Deal values on the other hand fell by 28 percent, from $44.1 billion in 2010 to $31.7 billion in 2011. The first half of 2011 experienced a higher average value of mergers and acquisition deals at approximately $10 billion as compared to the second half, which showed an average value of approximately $6 billion. Fourth quarter activity in 2011 experienced a considerable increase in total deal value compared to the third quarter, rising from $4.4 billion in the third quarter of 2011 to $7.2 billion in the fourth quarter of 2011, a jump of 64 percent. "A larger number of deals at smaller valuations signifies that asset values across the region have taken a tumble in light of the lower regional economic growth and also the projections for future growth.

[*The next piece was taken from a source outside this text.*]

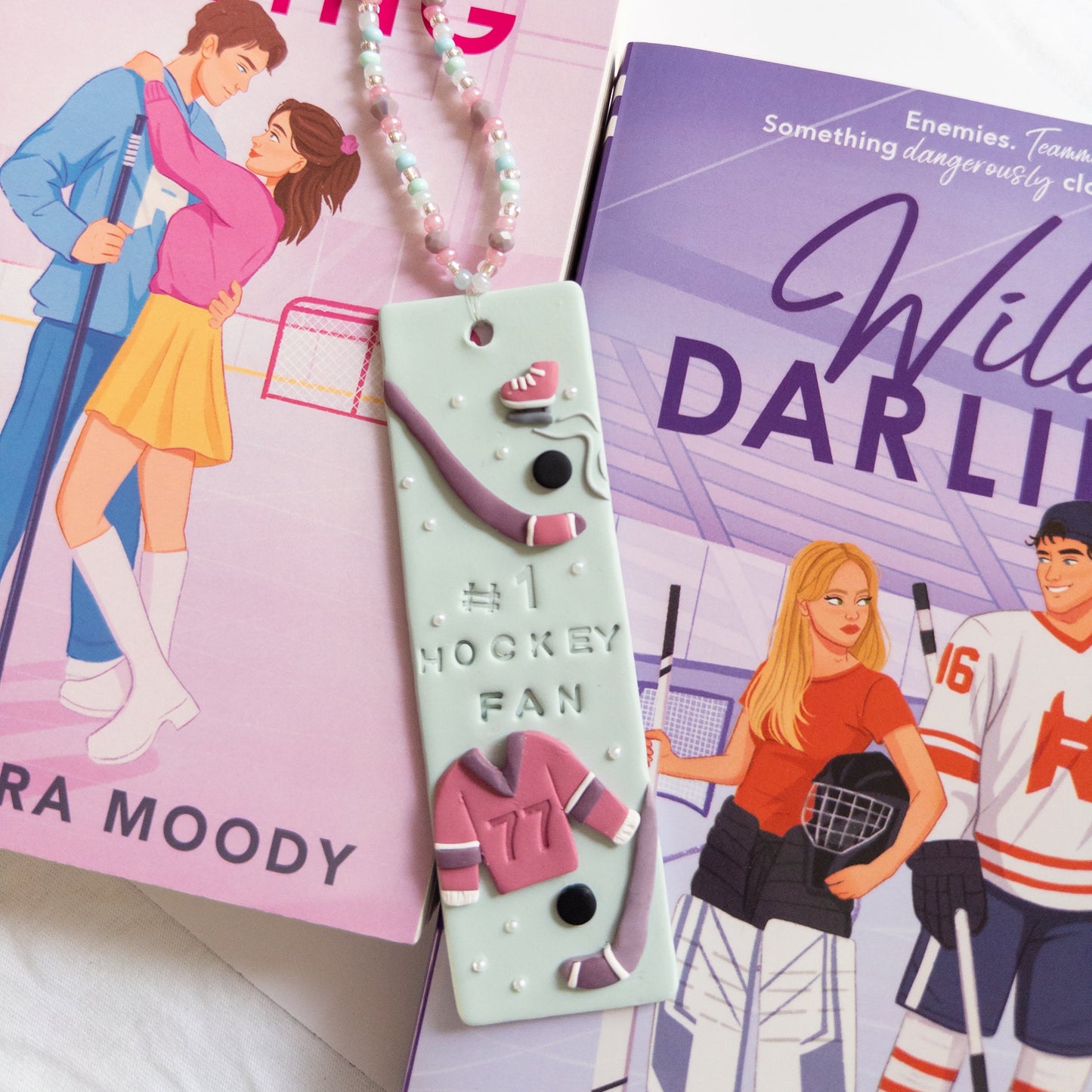 Hockey themed polymer clay bookmark on hockey books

One of the key obstacles slowing deal closures has been the continuation of the valuations gap between buyers and sellers. Once this discrepancy begins to narrow, we may begin to see deal closures picking up some pace. Sellers have acknowledged that future cash flows from their business stakes will not be as strong as they had hoped for and are now in the process of re-evaluating their options. These numbers indicate that 2012 will be favorable to buyers if they can add substantial value," said Phil Gandier, MENA Head of Transaction Advisory Services, Ernst & Young. UAE, Saudi Arabia The countries that saw the largest number of transactions in the domestic space in 2011 were the UAE (49 deals) and Saudi Arabia (44 deals).

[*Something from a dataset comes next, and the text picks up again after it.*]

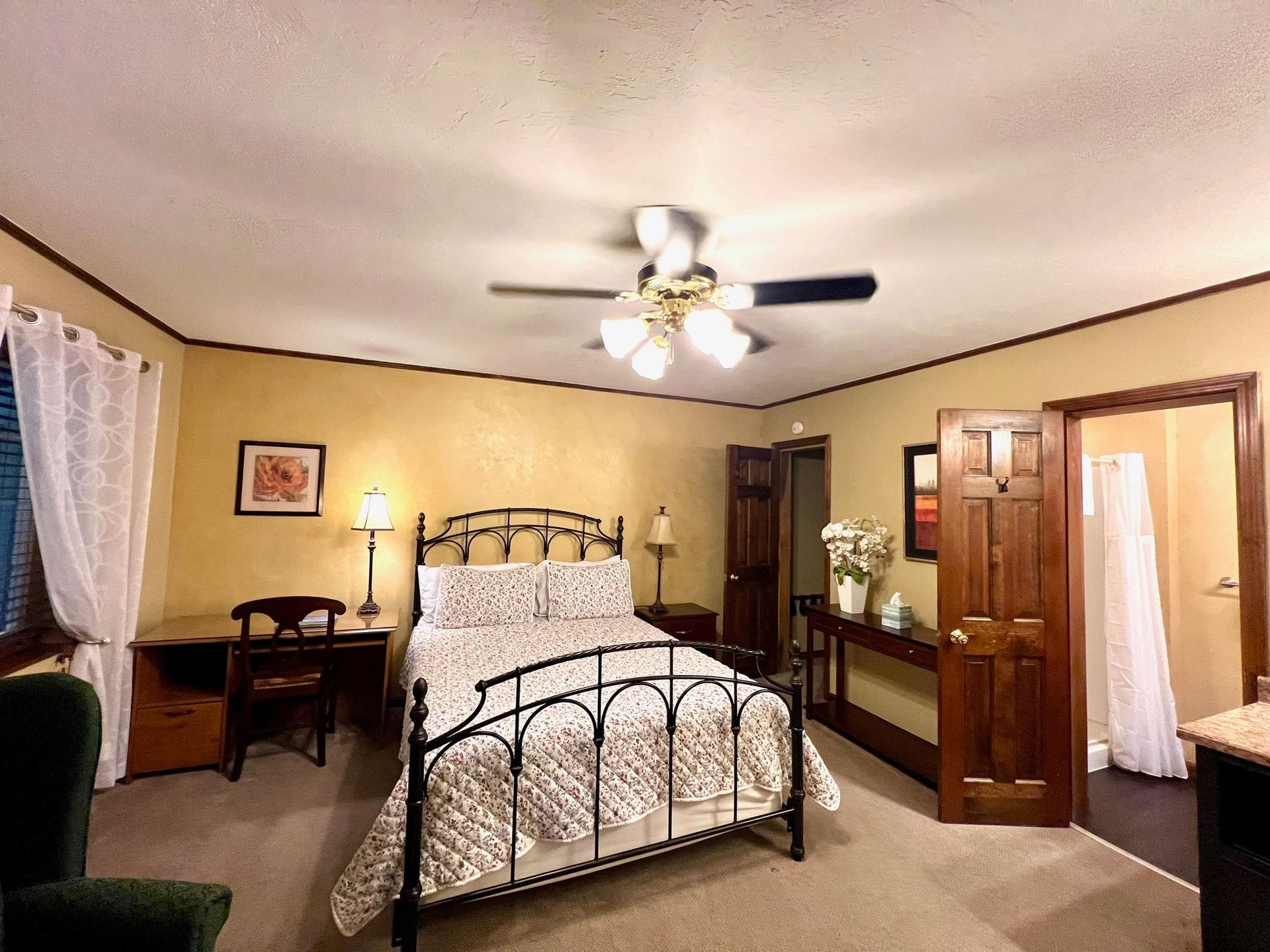 Bedroom with a wrought-iron bed, desk, and open doorways to a bathroom and another room.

In terms of deal value, countries that ranked highest were the UAE, comprising 40 percent ($3.9 billion) of total disclosed deal value in the domestic space in 2011; Saudi Arabia followed at 29 percent ($2.8 billion) and Kuwait at 11 percent ($1.1 billion). Outbound deals In terms of volume, domestic transactions outnumbered inbound and outbound deal activity, comprising about 54 percent of total announced deals in 2011. In terms of value, however, outbound deal activity held the greatest value among total announced deals, comprising $16.3 billion, or 51 percent of total announced deal value in 2011. By volume, outbound transactions came second after domestic deals in terms of dominance in mergers and acquisitions market activity, comprising 104 deals, or 25 percent of the total deal volume. Inbound deals, comparatively, held the lowest volume and value among total announced deals, comprising 88 deals, or 21 percent of total announced deal volume, and $5.6 billion or 18 percent of total announced deal value in 2011.